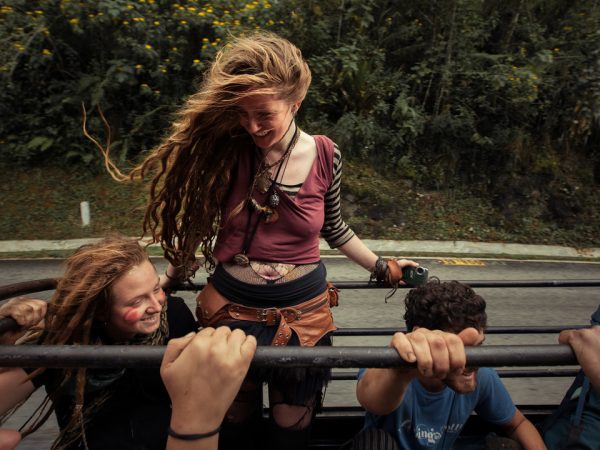 Retratos de integrantes de grupo nômade mostram beleza integrada a natureza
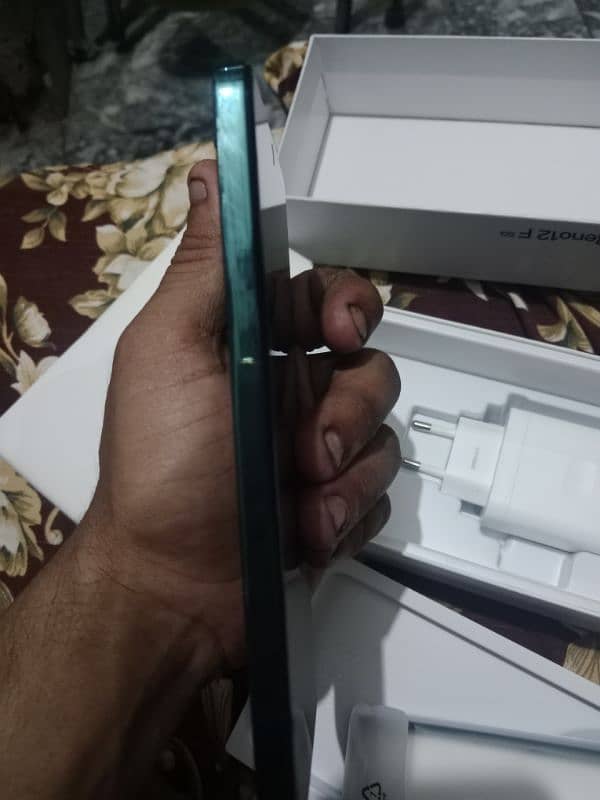 Oppo Reno 12f 5g new diba pack 1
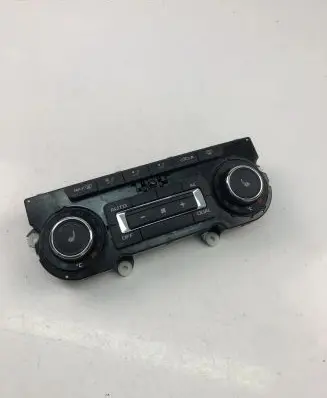 Skoda Octavia Mk2 (1Z) Climate control unit 3T0907044BE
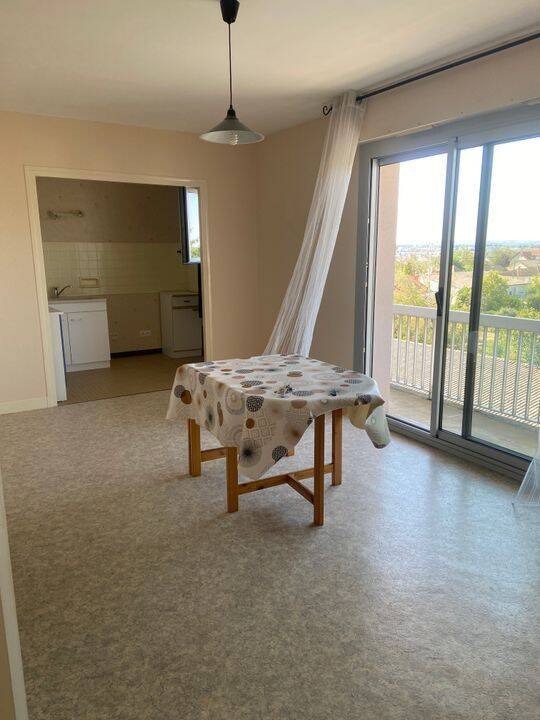 Appartement 1 pièce 35 m² · à Montluçon · 35 m² · 300 €/mois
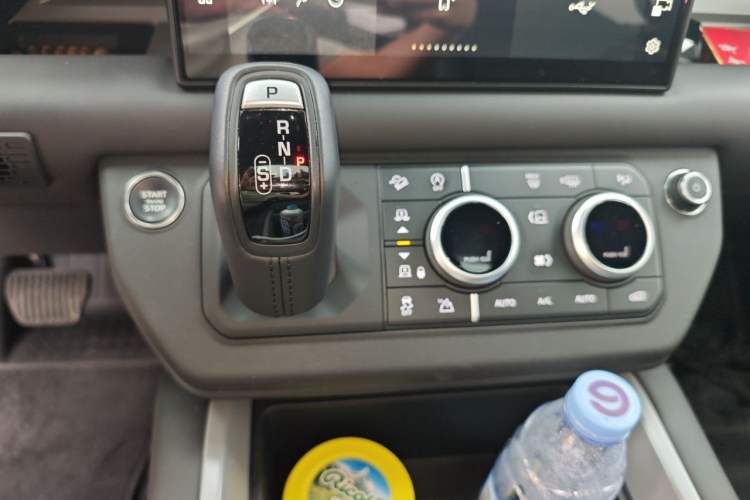 Used Land Rover Defender 2025 110 3.0T P400 – Dynamic HSE Gear Lever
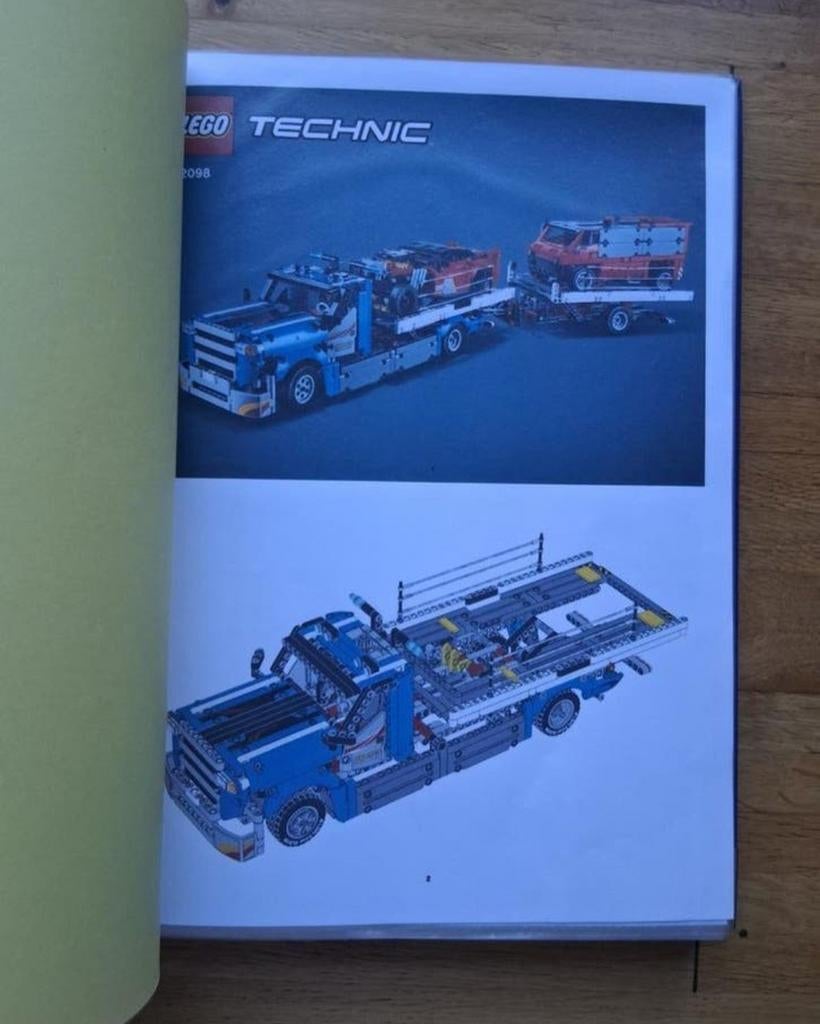 Lego tech geprinte bouwinstructies 42098 voor een andere set, Ophalen of Verzenden, Zo goed als nieuw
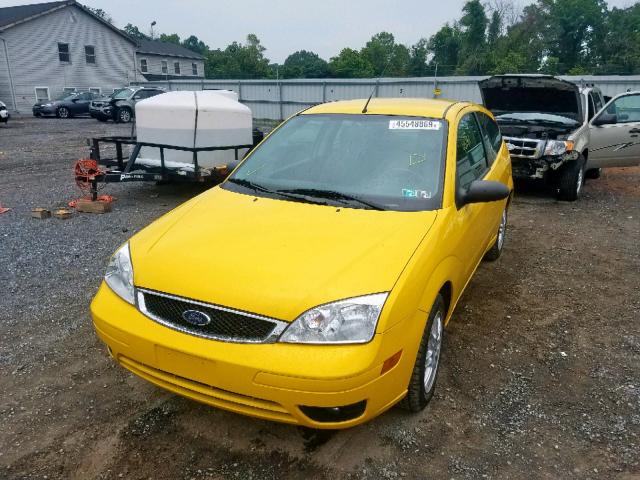 1FAHP31N97W274434 - 2007 FORD FOCUS ZX3 YELLOW photo 2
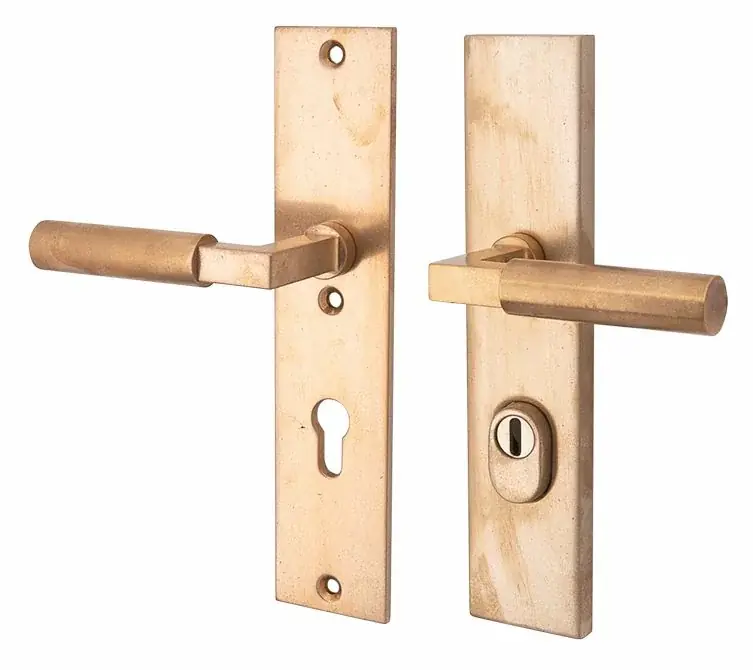 SKG3 PC92 kruk/kruk op schild Bauhaus links + kerntrekbeveiliging messing antiek Superprijs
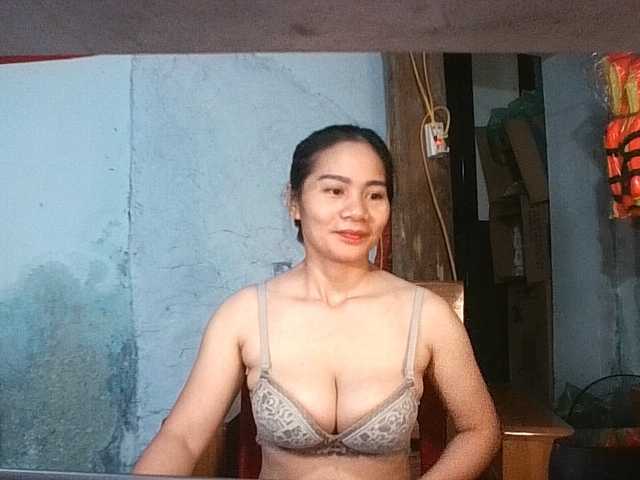 EllaShow93 live cam preview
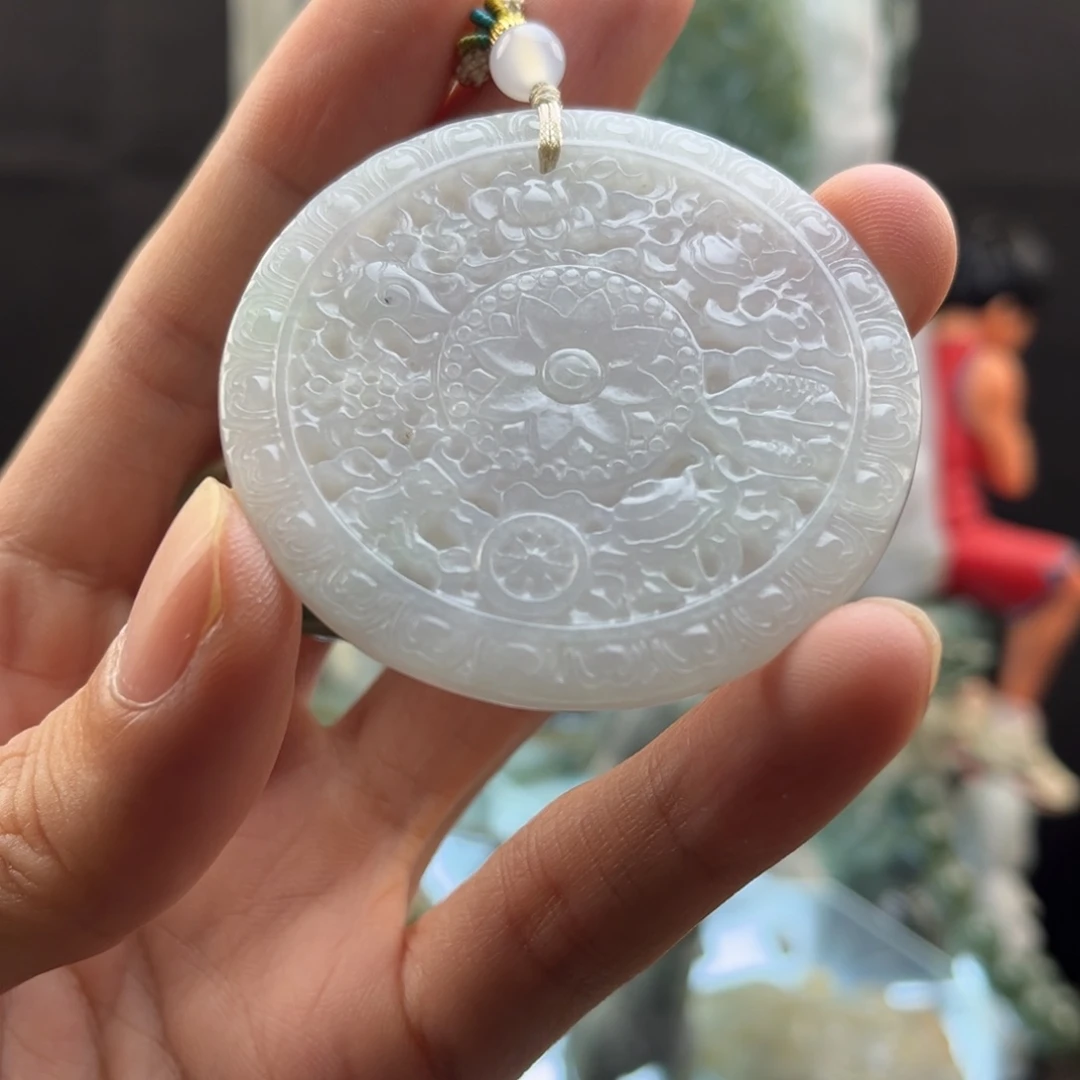 翡翠未镶嵌颈饰时来运转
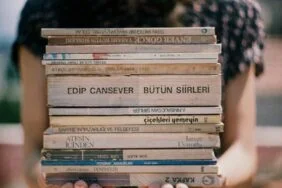 Okunması Gereken Şiir Kitapları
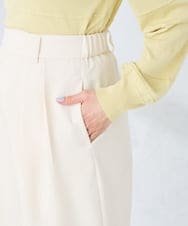 K2LDD21059 a.v.v(アー・ヴェ・ヴェ) 【雑誌InRed(宝島社)4月号掲載/洗える】タックテーパードパンツ アイボリー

**Work to be completed**
Extract from the material above the stretch running from the line containing "Appartement 1 pièce" through the line containing "1FAHP31N97W274434 - 2007". Keep the text exact and the pictures out.

**Task output**
 Appartement 1 pièce 35 m² · à Montluçon · 35 m² · 300 €/mois
 Used Land Rover Defender 2025 110 3.0T P400 – Dynamic HSE Gear Lever
 Lego tech geprinte bouwinstructies 42098 voor een andere set, Ophalen of Verzenden, Zo goed als nieuw
 1FAHP31N97W274434 - 2007 FORD FOCUS ZX3 YELLOW photo 2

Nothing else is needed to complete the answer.